Work item –
From the data below, copy exactly the lines that lie between the one holding "4.48 Ct 18 Pcs" and the one holding "Williams Sonoma Black", including both, and nothing more.

Listed entries –

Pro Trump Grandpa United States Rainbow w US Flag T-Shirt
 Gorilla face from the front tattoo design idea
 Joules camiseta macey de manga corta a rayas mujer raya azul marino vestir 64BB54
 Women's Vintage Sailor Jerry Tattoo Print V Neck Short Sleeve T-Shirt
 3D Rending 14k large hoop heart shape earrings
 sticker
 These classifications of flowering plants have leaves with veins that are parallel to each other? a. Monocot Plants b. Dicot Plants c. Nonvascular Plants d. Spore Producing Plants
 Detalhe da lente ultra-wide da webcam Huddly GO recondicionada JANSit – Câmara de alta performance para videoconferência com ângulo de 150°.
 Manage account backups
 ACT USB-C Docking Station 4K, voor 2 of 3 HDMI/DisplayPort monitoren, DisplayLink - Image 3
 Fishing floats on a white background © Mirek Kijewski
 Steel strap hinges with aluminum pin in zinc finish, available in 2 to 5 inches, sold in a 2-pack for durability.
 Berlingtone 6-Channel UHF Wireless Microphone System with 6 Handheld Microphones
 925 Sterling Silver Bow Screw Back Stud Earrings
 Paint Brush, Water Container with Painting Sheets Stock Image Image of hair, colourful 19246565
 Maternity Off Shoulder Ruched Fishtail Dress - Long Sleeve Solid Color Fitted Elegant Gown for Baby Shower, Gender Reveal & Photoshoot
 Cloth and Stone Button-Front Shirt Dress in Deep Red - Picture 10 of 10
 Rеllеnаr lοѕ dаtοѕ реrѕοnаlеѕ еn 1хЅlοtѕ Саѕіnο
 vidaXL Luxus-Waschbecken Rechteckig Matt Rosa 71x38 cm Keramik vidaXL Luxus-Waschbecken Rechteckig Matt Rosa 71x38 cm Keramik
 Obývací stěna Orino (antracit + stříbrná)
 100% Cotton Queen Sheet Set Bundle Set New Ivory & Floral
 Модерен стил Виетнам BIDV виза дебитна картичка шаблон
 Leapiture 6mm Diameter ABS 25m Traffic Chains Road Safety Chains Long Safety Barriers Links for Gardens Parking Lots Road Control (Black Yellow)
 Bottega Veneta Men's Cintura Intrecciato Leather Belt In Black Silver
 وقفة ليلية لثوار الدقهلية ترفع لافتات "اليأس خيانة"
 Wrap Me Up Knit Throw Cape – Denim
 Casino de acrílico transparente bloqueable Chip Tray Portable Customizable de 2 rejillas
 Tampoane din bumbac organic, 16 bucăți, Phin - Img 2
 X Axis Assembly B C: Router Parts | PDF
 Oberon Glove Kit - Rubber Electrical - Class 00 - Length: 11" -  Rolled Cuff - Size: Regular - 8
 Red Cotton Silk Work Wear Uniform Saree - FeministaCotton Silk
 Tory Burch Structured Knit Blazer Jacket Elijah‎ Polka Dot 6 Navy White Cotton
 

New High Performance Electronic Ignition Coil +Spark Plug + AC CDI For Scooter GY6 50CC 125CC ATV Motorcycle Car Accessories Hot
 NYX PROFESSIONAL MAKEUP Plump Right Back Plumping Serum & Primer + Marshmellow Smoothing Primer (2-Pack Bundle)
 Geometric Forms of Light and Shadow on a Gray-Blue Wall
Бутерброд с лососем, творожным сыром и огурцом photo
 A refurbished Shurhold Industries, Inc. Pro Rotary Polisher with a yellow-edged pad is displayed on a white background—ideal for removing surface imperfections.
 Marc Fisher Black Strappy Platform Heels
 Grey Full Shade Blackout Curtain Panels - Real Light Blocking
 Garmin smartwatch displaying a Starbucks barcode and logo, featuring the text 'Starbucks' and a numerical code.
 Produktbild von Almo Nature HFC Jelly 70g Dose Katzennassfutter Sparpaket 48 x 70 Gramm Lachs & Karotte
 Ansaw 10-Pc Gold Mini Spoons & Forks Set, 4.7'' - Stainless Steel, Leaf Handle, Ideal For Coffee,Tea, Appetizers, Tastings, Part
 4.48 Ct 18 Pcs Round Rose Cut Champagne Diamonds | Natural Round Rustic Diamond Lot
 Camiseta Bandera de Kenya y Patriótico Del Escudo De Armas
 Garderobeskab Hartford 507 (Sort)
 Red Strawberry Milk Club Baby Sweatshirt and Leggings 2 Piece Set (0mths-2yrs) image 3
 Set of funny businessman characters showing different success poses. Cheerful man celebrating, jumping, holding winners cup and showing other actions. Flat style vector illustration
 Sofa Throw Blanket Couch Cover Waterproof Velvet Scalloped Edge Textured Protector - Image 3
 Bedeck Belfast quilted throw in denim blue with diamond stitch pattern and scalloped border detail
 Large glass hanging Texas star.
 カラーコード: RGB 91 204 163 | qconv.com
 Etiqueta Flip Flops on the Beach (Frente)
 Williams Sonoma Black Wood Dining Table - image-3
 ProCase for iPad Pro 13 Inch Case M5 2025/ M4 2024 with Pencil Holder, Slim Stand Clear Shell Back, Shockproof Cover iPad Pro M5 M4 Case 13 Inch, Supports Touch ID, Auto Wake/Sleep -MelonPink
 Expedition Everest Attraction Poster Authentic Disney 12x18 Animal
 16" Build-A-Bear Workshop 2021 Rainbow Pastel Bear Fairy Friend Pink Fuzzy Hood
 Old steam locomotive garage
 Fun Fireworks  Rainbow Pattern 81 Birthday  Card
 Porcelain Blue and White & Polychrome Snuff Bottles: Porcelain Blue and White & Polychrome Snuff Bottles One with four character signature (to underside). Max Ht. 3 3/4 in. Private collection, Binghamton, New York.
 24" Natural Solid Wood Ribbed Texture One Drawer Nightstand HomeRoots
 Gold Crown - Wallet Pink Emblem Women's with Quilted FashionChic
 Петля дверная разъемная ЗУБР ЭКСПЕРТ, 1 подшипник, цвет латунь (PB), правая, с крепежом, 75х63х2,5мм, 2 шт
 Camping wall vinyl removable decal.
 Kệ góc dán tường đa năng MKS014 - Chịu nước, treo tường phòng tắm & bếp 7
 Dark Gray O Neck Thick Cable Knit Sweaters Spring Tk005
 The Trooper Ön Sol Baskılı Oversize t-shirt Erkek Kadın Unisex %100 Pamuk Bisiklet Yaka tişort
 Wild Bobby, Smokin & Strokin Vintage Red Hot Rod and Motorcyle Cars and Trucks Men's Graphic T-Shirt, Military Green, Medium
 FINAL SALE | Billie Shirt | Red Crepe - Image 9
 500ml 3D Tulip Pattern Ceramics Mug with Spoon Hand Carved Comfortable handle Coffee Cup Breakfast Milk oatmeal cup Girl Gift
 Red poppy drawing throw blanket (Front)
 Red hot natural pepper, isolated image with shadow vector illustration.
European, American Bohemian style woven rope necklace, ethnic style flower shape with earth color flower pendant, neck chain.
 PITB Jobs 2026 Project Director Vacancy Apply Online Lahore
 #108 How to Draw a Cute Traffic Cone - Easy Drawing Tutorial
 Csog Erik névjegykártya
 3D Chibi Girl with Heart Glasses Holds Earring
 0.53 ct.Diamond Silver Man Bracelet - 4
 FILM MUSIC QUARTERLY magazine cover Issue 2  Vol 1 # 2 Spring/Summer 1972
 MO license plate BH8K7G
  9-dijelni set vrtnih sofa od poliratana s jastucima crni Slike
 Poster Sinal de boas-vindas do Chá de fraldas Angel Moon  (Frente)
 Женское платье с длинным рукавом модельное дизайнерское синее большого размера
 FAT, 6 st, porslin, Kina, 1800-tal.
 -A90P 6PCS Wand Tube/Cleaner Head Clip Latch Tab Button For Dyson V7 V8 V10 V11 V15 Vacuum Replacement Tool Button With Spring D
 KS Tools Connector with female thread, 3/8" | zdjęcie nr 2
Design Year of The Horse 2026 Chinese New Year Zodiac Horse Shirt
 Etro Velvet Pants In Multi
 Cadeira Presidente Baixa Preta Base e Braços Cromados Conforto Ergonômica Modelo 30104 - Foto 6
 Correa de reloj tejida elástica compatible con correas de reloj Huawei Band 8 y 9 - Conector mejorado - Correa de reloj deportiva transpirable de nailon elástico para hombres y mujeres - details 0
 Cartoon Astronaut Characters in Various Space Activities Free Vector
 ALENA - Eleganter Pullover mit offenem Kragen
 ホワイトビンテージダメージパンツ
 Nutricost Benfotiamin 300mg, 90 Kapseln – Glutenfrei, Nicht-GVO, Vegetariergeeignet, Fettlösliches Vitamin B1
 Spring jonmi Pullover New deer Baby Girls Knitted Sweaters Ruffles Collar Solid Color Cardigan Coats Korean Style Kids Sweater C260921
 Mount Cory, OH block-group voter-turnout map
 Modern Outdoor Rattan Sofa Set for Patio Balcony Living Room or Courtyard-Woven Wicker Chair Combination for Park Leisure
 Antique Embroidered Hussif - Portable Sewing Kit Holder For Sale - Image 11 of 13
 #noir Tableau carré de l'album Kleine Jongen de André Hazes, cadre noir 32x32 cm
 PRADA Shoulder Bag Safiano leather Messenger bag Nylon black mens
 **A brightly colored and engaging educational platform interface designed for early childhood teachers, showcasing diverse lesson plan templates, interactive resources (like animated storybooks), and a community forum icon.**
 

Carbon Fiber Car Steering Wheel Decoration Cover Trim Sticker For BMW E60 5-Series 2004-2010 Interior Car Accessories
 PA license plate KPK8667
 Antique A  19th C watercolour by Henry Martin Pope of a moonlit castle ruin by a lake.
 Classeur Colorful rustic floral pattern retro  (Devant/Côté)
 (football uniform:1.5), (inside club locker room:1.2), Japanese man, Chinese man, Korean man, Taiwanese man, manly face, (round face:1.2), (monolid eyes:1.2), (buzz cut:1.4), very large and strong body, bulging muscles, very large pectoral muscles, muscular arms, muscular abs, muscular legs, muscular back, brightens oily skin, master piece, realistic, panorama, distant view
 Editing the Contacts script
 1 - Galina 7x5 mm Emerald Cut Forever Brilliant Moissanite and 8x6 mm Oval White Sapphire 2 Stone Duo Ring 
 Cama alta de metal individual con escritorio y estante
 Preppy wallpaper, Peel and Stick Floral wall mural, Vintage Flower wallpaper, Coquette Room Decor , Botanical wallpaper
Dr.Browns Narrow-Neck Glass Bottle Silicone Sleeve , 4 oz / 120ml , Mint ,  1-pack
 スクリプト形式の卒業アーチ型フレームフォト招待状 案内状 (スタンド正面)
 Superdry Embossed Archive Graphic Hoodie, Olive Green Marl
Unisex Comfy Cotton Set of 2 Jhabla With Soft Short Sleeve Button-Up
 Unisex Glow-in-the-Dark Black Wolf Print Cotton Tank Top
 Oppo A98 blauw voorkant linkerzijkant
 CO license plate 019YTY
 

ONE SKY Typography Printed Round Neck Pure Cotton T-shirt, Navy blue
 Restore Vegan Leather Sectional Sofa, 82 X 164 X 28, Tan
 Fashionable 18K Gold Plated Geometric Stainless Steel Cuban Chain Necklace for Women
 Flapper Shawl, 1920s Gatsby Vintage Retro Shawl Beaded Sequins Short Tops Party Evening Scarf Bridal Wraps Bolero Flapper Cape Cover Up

Exercise answer –
 4.48 Ct 18 Pcs Round Rose Cut Champagne Diamonds | Natural Round Rustic Diamond Lot
 Camiseta Bandera de Kenya y Patriótico Del Escudo De Armas
 Garderobeskab Hartford 507 (Sort)
 Red Strawberry Milk Club Baby Sweatshirt and Leggings 2 Piece Set (0mths-2yrs) image 3
 Set of funny businessman characters showing different success poses. Cheerful man celebrating, jumping, holding winners cup and showing other actions. Flat style vector illustration
 Sofa Throw Blanket Couch Cover Waterproof Velvet Scalloped Edge Textured Protector - Image 3
 Bedeck Belfast quilted throw in denim blue with diamond stitch pattern and scalloped border detail
 Large glass hanging Texas star.
 カラーコード: RGB 91 204 163 | qconv.com
 Etiqueta Flip Flops on the Beach (Frente)
 Williams Sonoma Black Wood Dining Table - image-3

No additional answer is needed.